Fears that higher energy prices and the lure of the USA’s Inflation Reduction Act, with its generous subsidies for ‘clean technology’ manufacturing, would shift domestic German industrial investment across the Atlantic appear to have been well-founded, as an article from the Financial Times has explained.

Last year, German companies announced US$15.7 billion in planned capital expenditure in the US, close to double what it was in 2022 (and roughly double what it was annually between 2018-2022). This accounted for around 15% of total overseas commitments, with Siemens Energy, BASF, Volkswagen, Mercedes-Benz and Merck KGaA amongst the investors. The trend seems set to continue, too, with a survey of subsidiaries of German companies in the US earlier this year finding that 96% intend to expand their investments by 2026.

This follows a study last year which revealed that one-third of German companies planned to boost production abroad rather than domestically, which was a doubling from the previous year. BASF’s North American chief executive Michael Heinz told the FT that the investment environment in the US is “very attractive”, and that “Europe is increasingly suffering from overregulation, slow and bureaucratic approval procedures and, above all, high costs for most production factors … energy-intensive industries in Europe will likely shrink rather than grow in the medium term.”

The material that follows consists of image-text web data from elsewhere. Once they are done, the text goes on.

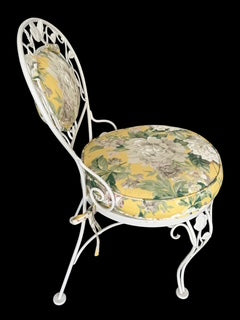 Woodard Chantilly Rose White Painted Iron Dining Table and Four Chairs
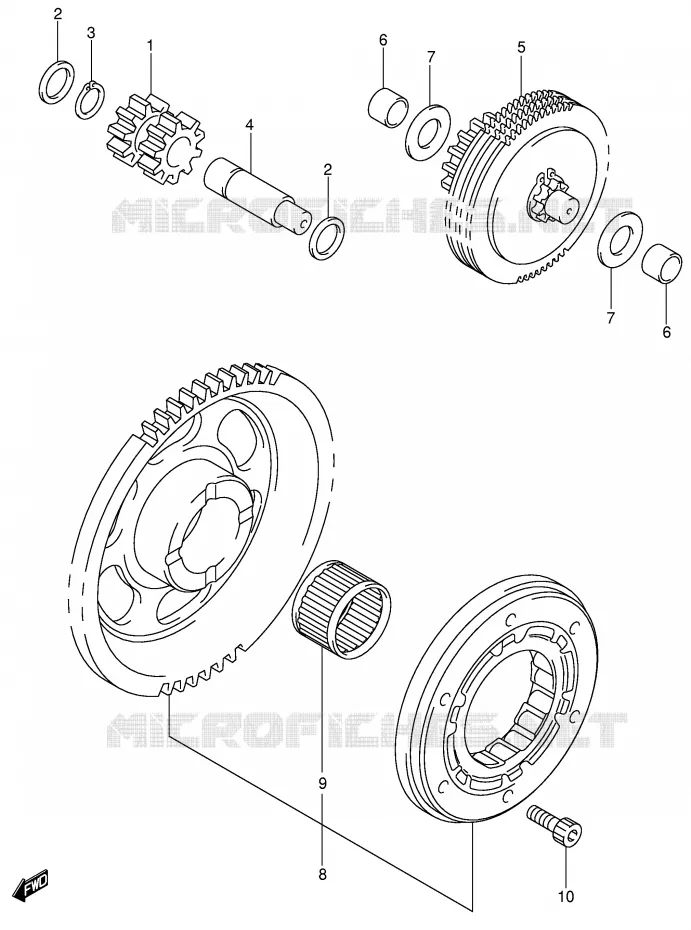 STARTMOTOR CLUTCH Suzuki MOTO 400 DR-Z 2001  DR-Z400SK1(E2)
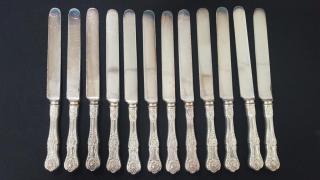 Appraisal: Antique Gorham Sterling Handled Dinner Knives Antique Gorham Sterling Handled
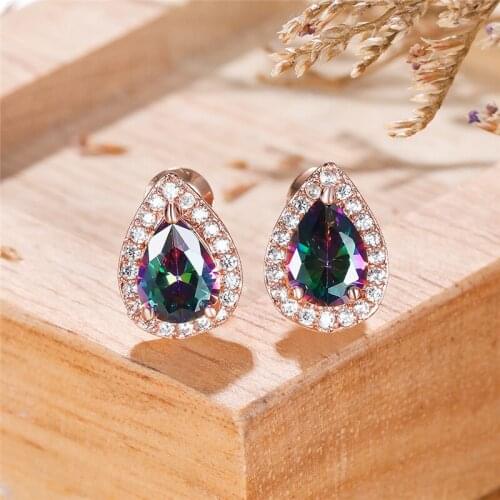 Female Teardrop Earrings Mystic Rainbow Fire Stone Water Drop Earrings For Women Multicolor Crystal Rose Gold Color Stud Earring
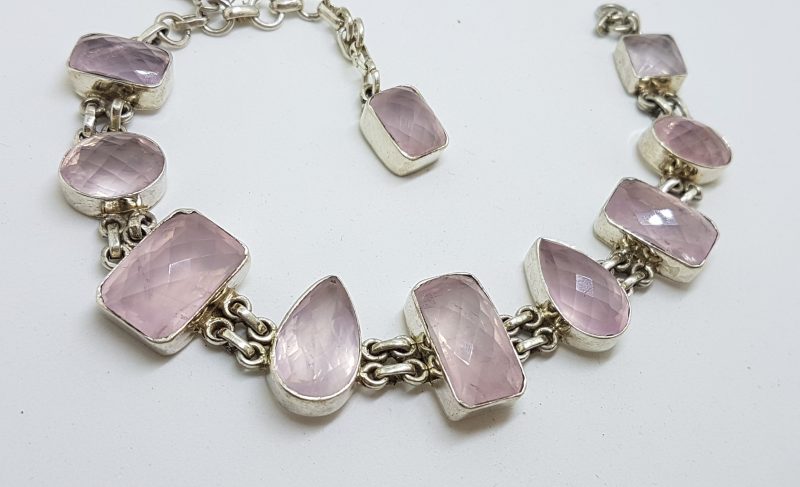 20200424_130749 Sterling Silver Chunky Rose Quartz Bracelet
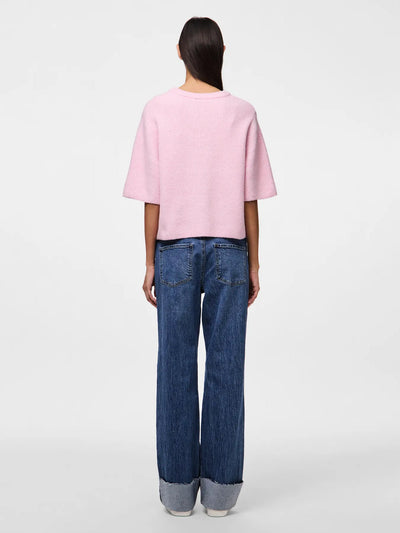 PcSilly SS O-Neck Knit Roseate Spoonbill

Other factors cited in the article are a desire to diversify manufacturing sites, particularly in the wake of the increasingly fraught shipping passage through the Suez Canal and increasing geopolitical tensions. A recent report by the German Chamber of Industry and Commerce found that by 2025, the USA will surpass China as Germany’s top trading destination, a sign of the changes at play.

While it seems likely to strengthen German companies internationally, and is a sign of the domestic success of the Inflation Reduction Act, the trend will no doubt be a concern for the German government.